Security Group Change Detection & Response

  • CloudWatch Event Time based rule will trigger lambda revertsg-1, every 10 mins.
  • Lambda function revertsg-1 will assume role cloudtrail-lake-read-role in the organization account and run query to fetch events with event name AuthorizeSecurityGroupIngress in the last 20 mins. There is an over lap so that events which were
  • Query results are gathered and new security group rule changes are added to a dynamodb table secgrouprequests and also details are sent to a slack channel in an interactive message with the ability to either ignore or deny this change.
  • Slack interaction invokes API Gateway which in turn invokes revertsg-2 with all the headers and body proxied.
  • Security group rule changes are allowed by default, so,
    • If the user clicks on Approve(well technically it's already approved :P), revertsg-2 does the same and responds back with the user name who ignored this change event.
    • If the user clicks Deny, meaning to revert the change, revertsg-2 will,
      • Read dynamodb table with the cloudtrail requestid, get that specific event details, assume spoke-001 role on that account from the security account as hub-001, invokes the revoke_security_group_ingress API call, responds with the messaged as denied with the user name.

Usage

  • Git clone https://github.com/raajheshkannaa/green-stone
  • Update config.py in these 4 places, because both the CDK App and the source code depends on various constants from this configuration file.
    • <project-root-folder/config.py>
    • <project-root-folder/src/revertsg-1/config.py>
    • <project-root-folder/src/revertsg-2/config.py>
    • <project-root-folder/stacks/config.py>
AUTOMATION_ACCOUNT = '<SECURITY ACCOUNT ID OR AUTOMATION ACCOUNT ID>' # Where our automation is run
ORG_ACCOUNT = '<ORGANIZATION OR BILLING ACCOUNT ID>' # This is where CloudTrail Lake is setup.
#CLOUDTRAIL_LAKE_READ_ROLE = '<ROLE USED FOR RUNNING AND GATHERING CLOUDTRAIL LAKE QUERY RESULTS>'
CLOUDTRAIL_LAKE_READ_ROLE = 'cloudtrail-lake-read-role' # This is the role name used if deployed using FleetAccess - https://github.com/raajheshkannaa/fleet-access 
HOOK_URL = '<SLACK HOOK URL>' # https://api.slack.com/messaging/webhooks
SIGNINGSECRET = <THE SECRET FROM SLACK APP USED FOR VERIFICATION OF REQUESTS COMING FROM SLACK>
  • Once the above details are updated, run cdk ls to confirm the stacks are good.
  • Run cdk synth to make sure templates synthesize without errors.
  • With the Security Account credentials in the local terminal using export AWS_PROFILE=<security account creds>, run cdk deploy or use cdk deploy --profile security-account.
  • CDK will deploy the CSGDRRPipelineStack pipeline stack, which in turn creates the CodeCommit repository, CodePipeline with necessary IAM permissions, Stages of deployment.
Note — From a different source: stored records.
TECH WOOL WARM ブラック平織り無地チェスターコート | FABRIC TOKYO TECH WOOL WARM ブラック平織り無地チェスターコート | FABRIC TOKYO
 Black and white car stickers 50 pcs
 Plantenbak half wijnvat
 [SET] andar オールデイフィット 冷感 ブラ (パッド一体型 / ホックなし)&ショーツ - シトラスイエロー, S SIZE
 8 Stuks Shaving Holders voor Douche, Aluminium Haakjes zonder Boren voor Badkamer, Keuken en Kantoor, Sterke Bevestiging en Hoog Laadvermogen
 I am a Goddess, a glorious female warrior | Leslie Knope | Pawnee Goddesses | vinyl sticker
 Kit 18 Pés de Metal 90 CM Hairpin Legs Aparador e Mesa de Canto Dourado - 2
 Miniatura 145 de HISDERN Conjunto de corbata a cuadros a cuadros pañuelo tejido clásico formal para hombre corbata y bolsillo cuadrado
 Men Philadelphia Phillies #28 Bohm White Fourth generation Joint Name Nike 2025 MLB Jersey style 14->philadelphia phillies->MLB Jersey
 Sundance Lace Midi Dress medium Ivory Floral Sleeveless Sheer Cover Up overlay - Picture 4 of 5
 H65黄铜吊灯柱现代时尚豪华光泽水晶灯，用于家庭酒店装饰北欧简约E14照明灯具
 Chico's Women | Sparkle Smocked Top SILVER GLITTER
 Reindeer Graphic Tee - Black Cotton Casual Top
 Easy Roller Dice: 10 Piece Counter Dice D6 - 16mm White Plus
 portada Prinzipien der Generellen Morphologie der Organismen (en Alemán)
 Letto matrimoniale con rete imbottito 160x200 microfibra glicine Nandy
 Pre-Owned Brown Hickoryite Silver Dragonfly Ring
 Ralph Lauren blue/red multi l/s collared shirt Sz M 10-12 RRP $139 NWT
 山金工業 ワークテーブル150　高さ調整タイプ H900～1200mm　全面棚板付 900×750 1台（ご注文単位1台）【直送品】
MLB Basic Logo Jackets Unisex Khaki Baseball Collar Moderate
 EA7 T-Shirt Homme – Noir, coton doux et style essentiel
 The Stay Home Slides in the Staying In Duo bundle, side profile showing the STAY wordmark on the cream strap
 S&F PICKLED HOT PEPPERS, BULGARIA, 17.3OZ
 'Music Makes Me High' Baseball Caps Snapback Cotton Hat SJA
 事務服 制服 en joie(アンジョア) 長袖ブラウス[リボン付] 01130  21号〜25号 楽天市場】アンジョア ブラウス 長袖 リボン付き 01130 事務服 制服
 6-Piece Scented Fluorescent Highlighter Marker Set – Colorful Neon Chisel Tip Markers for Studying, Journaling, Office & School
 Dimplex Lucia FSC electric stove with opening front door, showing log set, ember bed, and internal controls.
At end of deployment, in the terminal cdk would print out the API Gateway url which needs to be updated in the Slack App in the interactivity section.
  • The first time you deploy, the pipeline runs and fails, because we haven't pushed our code yet.
  • So, now gather the codecommit repository details which was created and git push the cdk app to the repository which has the cloudformation stacks to be deployed by the pipeline.
  • Once code is pushed, pipeline picks it up automatically and begins deployment, its an amazing feeling to look at this in action, with so minimal effort.
  • The automation is triggered every 10 mins and if there are any Security Group changes, that would show up in the Slack Channel for which the webhook was configured earlier.

Considerations

  • CloudTrail events are delayed by up to 2-3 mins sometimes before it gets delivered to the cloudtrail lake. Timings are adjusted accordingly for this project, with the CloudWatch Rule and also the event times` for the cloudtrail lake query.
  • Security Group Rule Changes are allowed by default, to make sure Security doesn't add friction to the operations with rest of the organization. Meaning changes are reverted only when explicitly denied by user interaction through slack channel interactive Deny button.
  • Because this is a new service/feature from AWS, Lambda's boto3 library is not updated with the ability to invoke these API calls, so I've packaged a recent version of boto3 part of the lambda function. This could have been a Lambda layer, but hey, doesn't matter after couple weeks or a month.